Any game will fuel the frenzy, but a game that involves our favorite team takes on the tenor of a religious tent revival meeting, Fervent prayers are said invoking the deity's help. Yelling and screaming in tongues unintelligable is common. Pleading for redemption and promising to do good deeds if the outcome is in our favor is not at all unusual. When our team wins, it is a righteous outcome. When our team loses, it is reason to repudiate all that is holy and cross over to the dark side.
Great expectations accompany our teams as they begin the tournament. Dreams of glory fill our heads. In our mind's eye our team will cruise through the opposition with nary a stumble and without even breathing hard. That the actuality is different doesn't diminish the wishful thinking. On paper the best teams always win. On the court heroes are made by tearing up that paper with performances so unexpected that they seem surreal. Parity has arrived in college basketball, so any team can legitimately dream the ultimate dream. There are no real upsets anymore, only surprises.

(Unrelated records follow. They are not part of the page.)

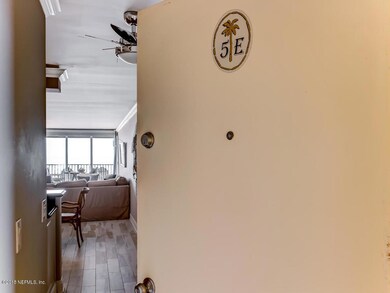 Ocean 21-22 unit 5E, Jacksonville Beach, FL 32250 - photo 3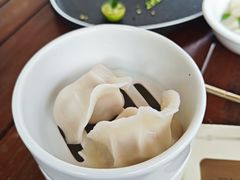 -喜鼎海胆水饺(东港店)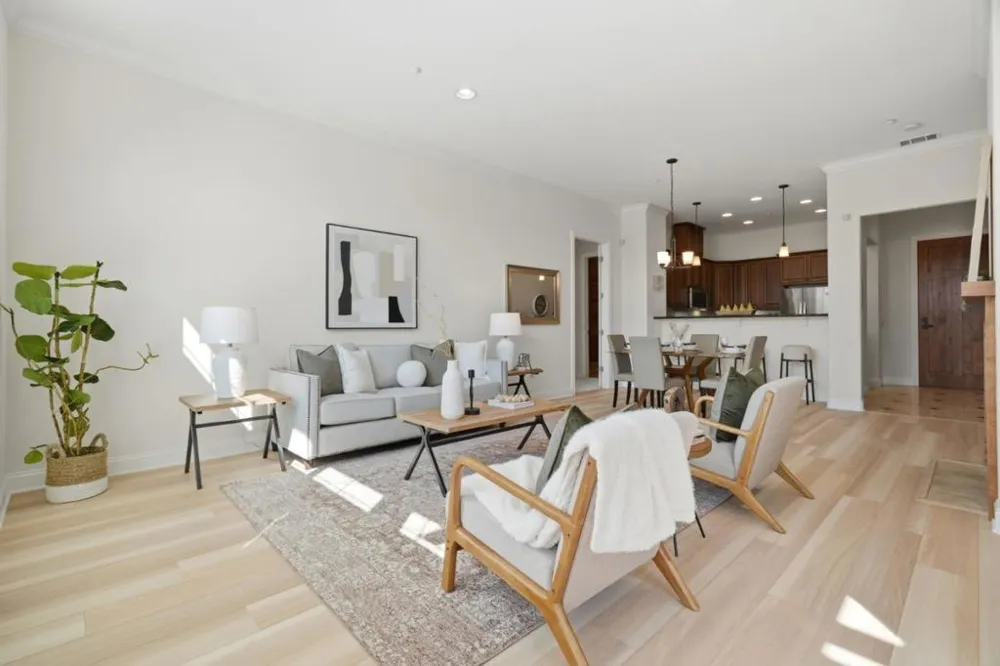 2881 Meridian Avenue #321 San Jose, CA 95124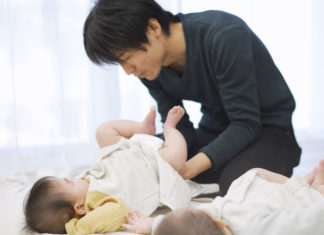 Guida all’acquisto di un fasciatoio sicuro per il tuo bambino: consigli e suggerimenti fasciatoio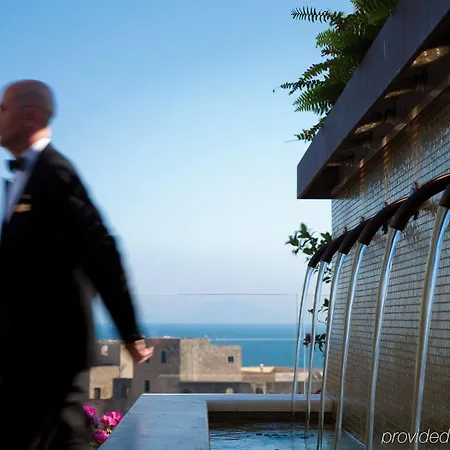 Grand Vesuvio Otel 5*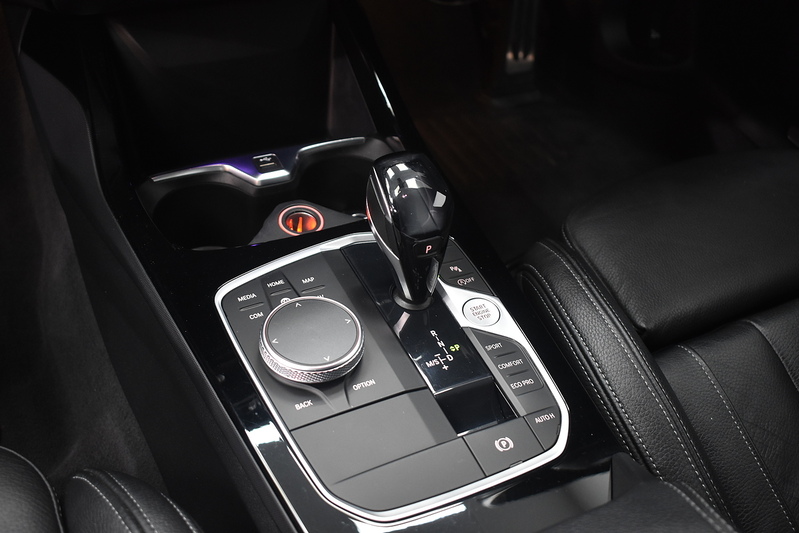 BMW 1 Series M135i - U6116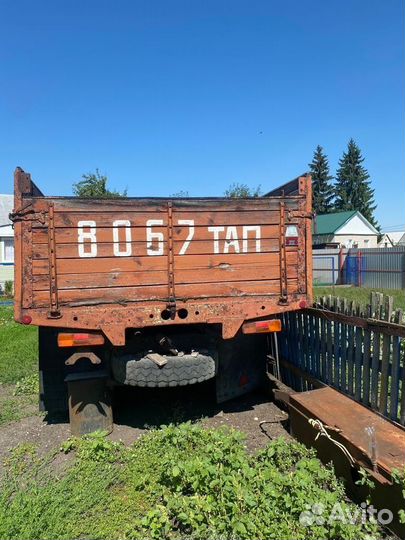 ГАЗ 3102 Волга 2.4 МТ, 1990, 1 000 км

Having your favorite team in the tournament, and seeded highly, is at once ego inflating and anxiety provoking. The higher your team is seeded the greater the expectations are for glory. And the greater the dissapointment when the team fails to reach those lofty expectations. My beloved UW Badgers took me on a rollercaster ride that I would have preferred be a straight and smooth unimpeded stroll through the tournament. Their second seed meant that they should advance at least into the third or even the fourth round. But kharma showed its bad side and poor shooting and rebounding proved to be their downfall. My blood pressure rose and fell as I paced the room in front of the the TV, spewing invective at the refs and other side's players, pleading for my guys to D-up and deny the shot, jump the passing lanes, don't foul, block that shot, double team and deny the pass, steal the ball, on one end of the court and drive the lane, feed the post, kick it out, pick and roll, crash the boards, nail the three on the other end. All my cheering and encouragement was unrequited as they failed to win their second game. So now my UW Badgers are headed back to Madison, empty handed, no trophy in their grasp. And I am feeling a sense of relief along with the disappointment. Disappointment in their failing to advance farther into the tournament, but relief that I will probably not suffer that heart attack that was likely to hit me if they continued on.
Is there any game that can bring you up and take you down faster than a college basketball game that has your favorite team
in it? We invest so much in the performance of 18-21 year old athletes who can do wondrous magic with a bouncing ball, who can fly through the air as though gravity was a mere theory, who can fling a ball at a tiny hoop and hit nothing but net from 25 feet away. Vicarious though the thrills may be, I won't give them up any time soon. I just wish the whole March Madness thing could extend itself and become April and even May madness. Gotta feed that basketball jones.